- _Data shown_:
»»

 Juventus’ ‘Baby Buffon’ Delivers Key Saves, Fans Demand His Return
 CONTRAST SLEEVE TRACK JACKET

««
»»

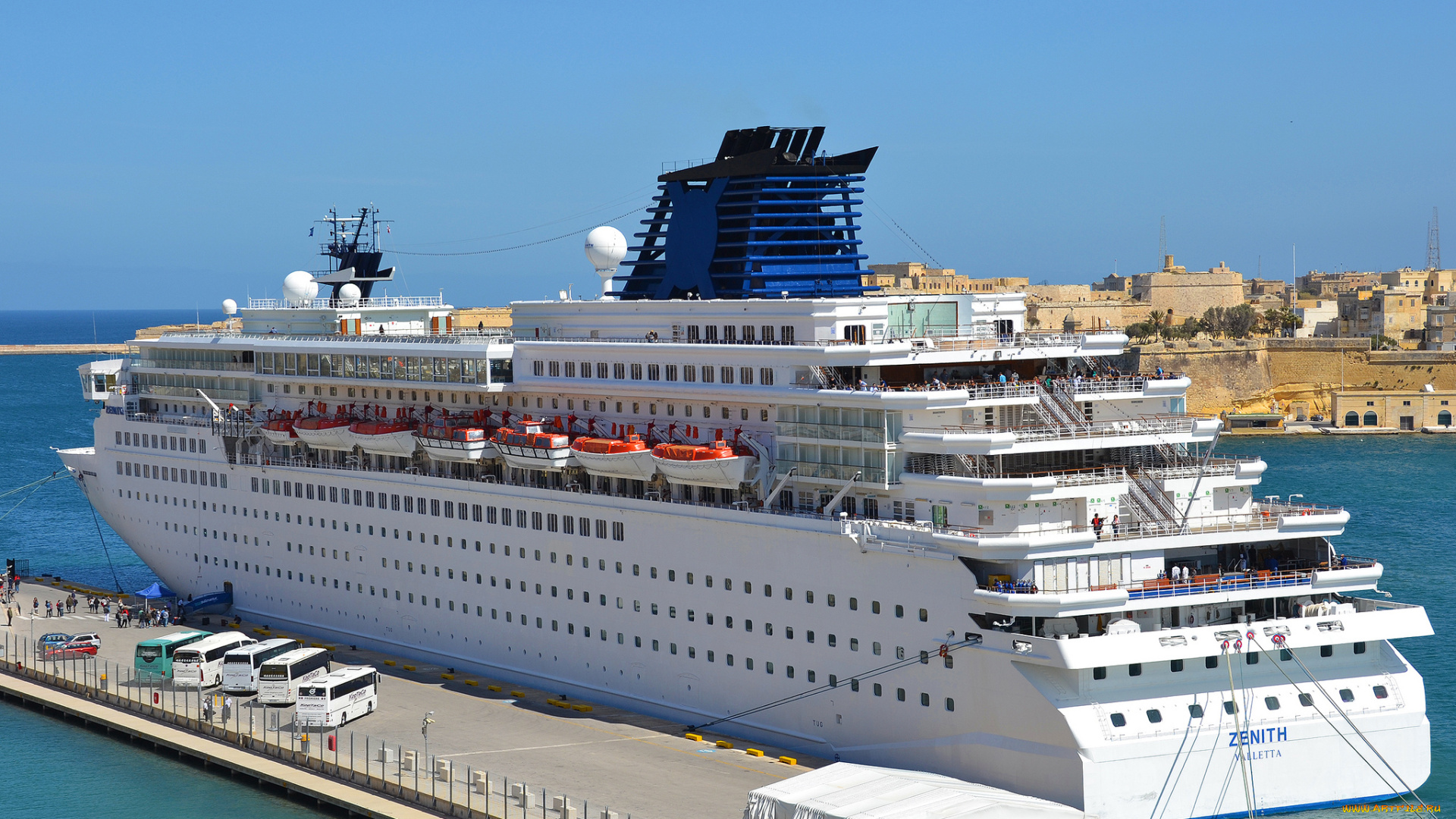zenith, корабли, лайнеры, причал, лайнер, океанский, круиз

««
»»

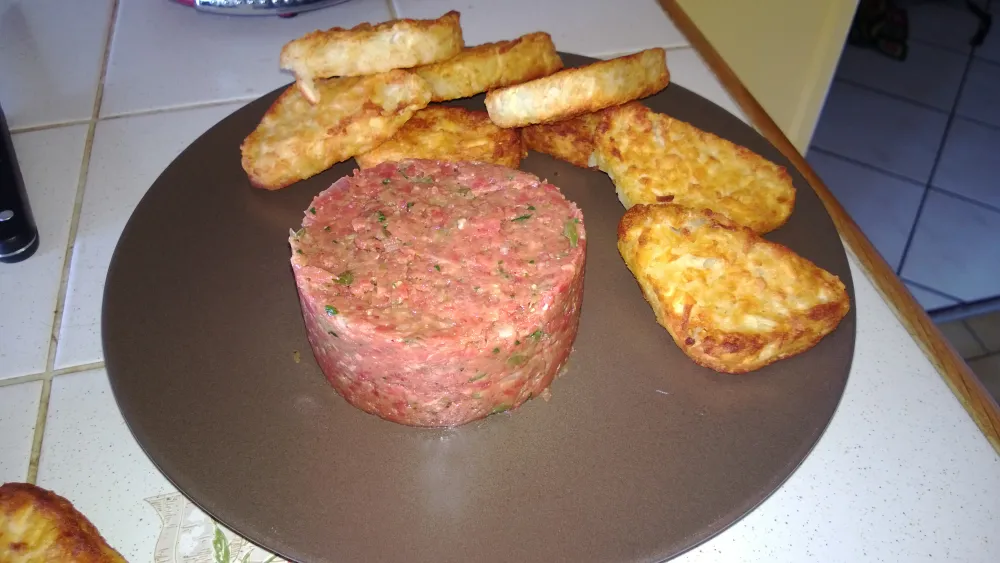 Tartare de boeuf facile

««

- _Problem details_: Send back exactly the lines of the listing above starting at the one with "Juventus’ ‘Baby Buffon’" and ending at the one with "CONTRAST SLEEVE TRACK JACKET", inclusive, and no others.

- _Written answer_:
 Juventus’ ‘Baby Buffon’ Delivers Key Saves, Fans Demand His Return
 CONTRAST SLEEVE TRACK JACKET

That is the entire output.